Aber auf der anderen Seite ist da die Frau der Gelateria, die uns jedes Mal Eis spendiert, einfach nur weil sie uns nett findet. Oder die Carabinieri, die dann doch noch mal ein Auge zudrücken, obwohl der Führerschein abgelaufen ist. Der fremde Mann, der einfach mal „Ciao“ sagen will, in dem er eine Salami und Wein vorbeibringt oder der Nachbar, der immer mit Rat und Tat zur Seite steht.

Im Sommer fahren wir fast jeden Tag zum Meer.

Dort ziehe ich meine Bahnen und schaue dabei den Fischen zu. Unser Garten quillt unterdessen vor Obst und Gemüse über. Die Farben strahlen.

Die Winter wiederum sind länger und härter, als ich es erwartet habe. Bei schlechtem Wetter gibt es keine Museen oder schöne Cafés, um sich die Zeit zu vertreiben. Auch der nächste Flohmarkt ist zwei Stunden entfernt. Alles Dinge, die ich früher gern gemacht habe und nicht mehr machen kann.

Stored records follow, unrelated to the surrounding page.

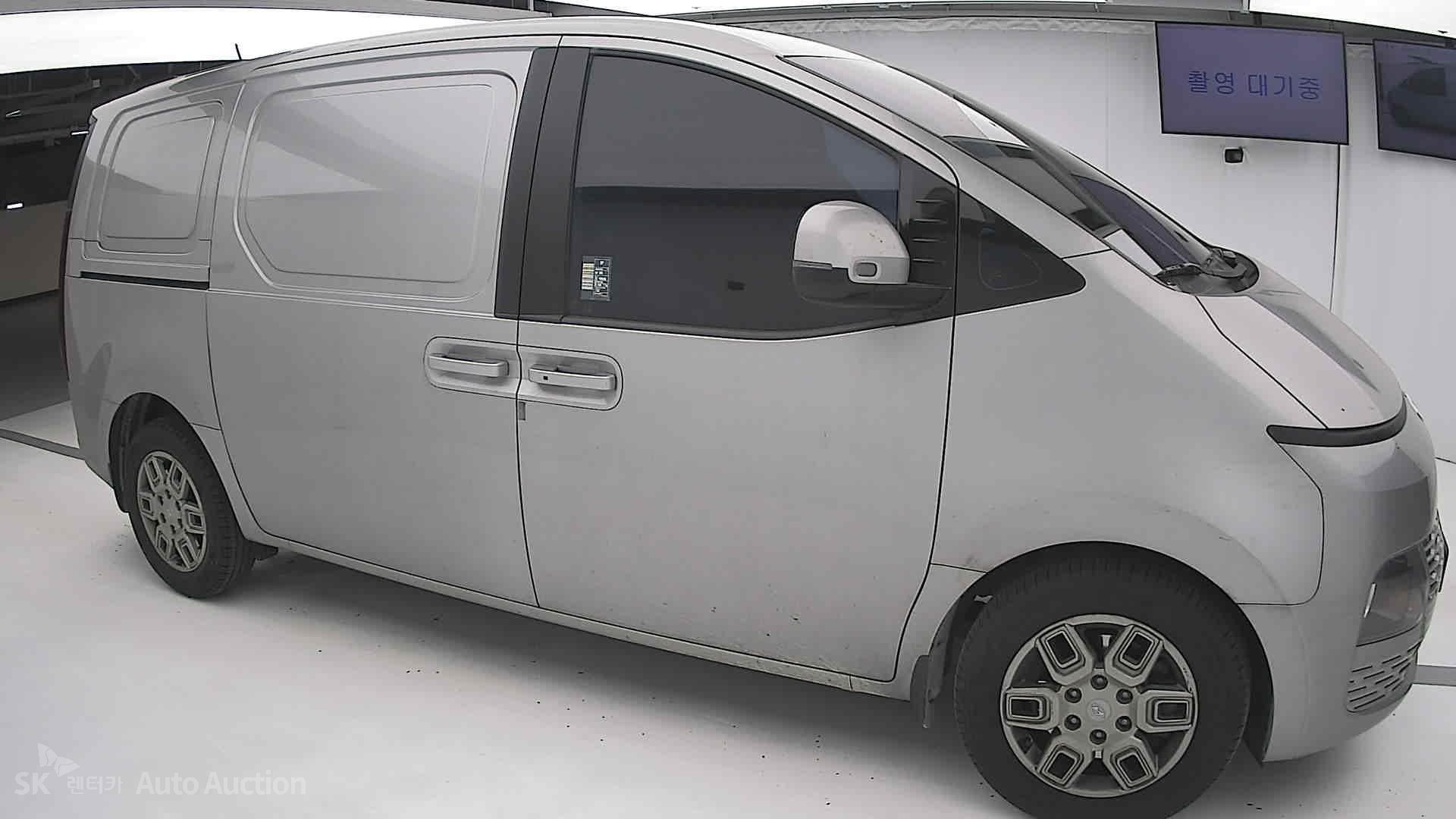 2023 - hyundai staria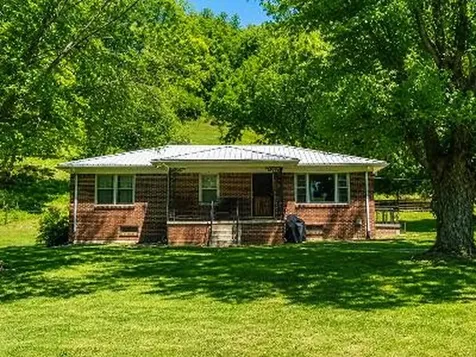 202 Maggart Road Elmwood TN 38560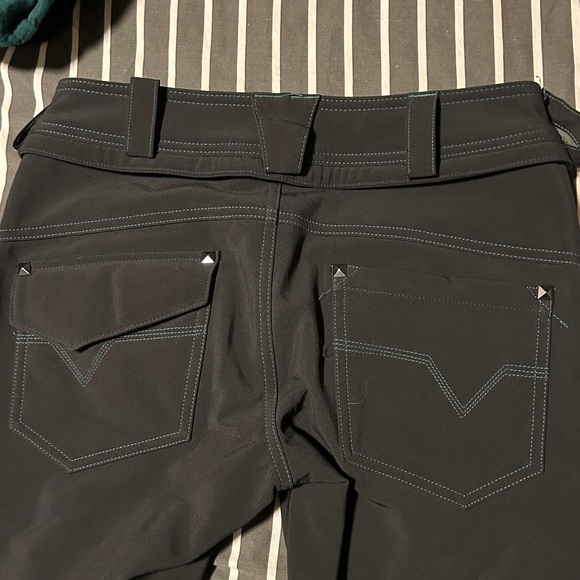 Volcom Battle Stretch Snowboard Pants - Picture 4 of 10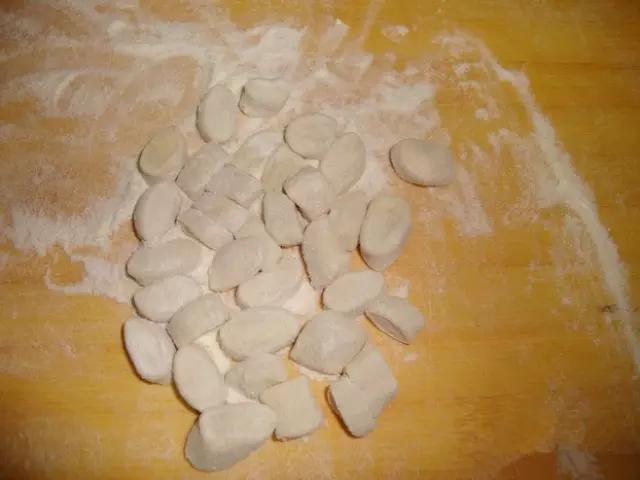 猫咪耳朵没毛,喵咪耳朵有黑色东西鼻子不通气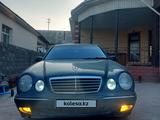 Mercedes-Benz E 240 2000 года за 3 650 000 тг. в Жетысай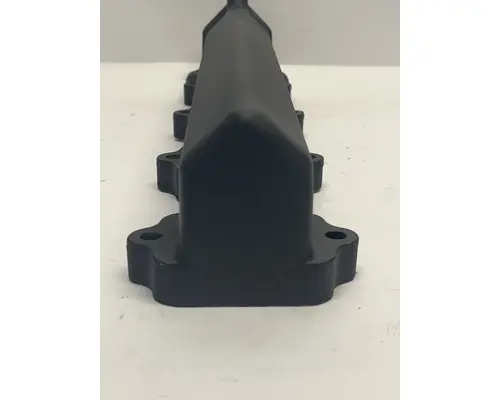 INTERNATIONAL 9.0L Intake Manifold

Das erste Jahr hier war ein einziges Abenteuer an neuen Eindrücken und Entdeckungen. Das zweite Jahr war einfach nur anstrengend. Ich denke, sobald Neues zur Gewohnheit wird, sieht man die schönen Seiten weniger. Dies wird mir immer wieder bewusst, wenn ich Freund:innen zu Besuch habe, die mir in Erinnerung rufen, was für ein Paradies wir hier gerade erschaffen. Denn das ist es: ein ganz besonderes Fleckchen Erde.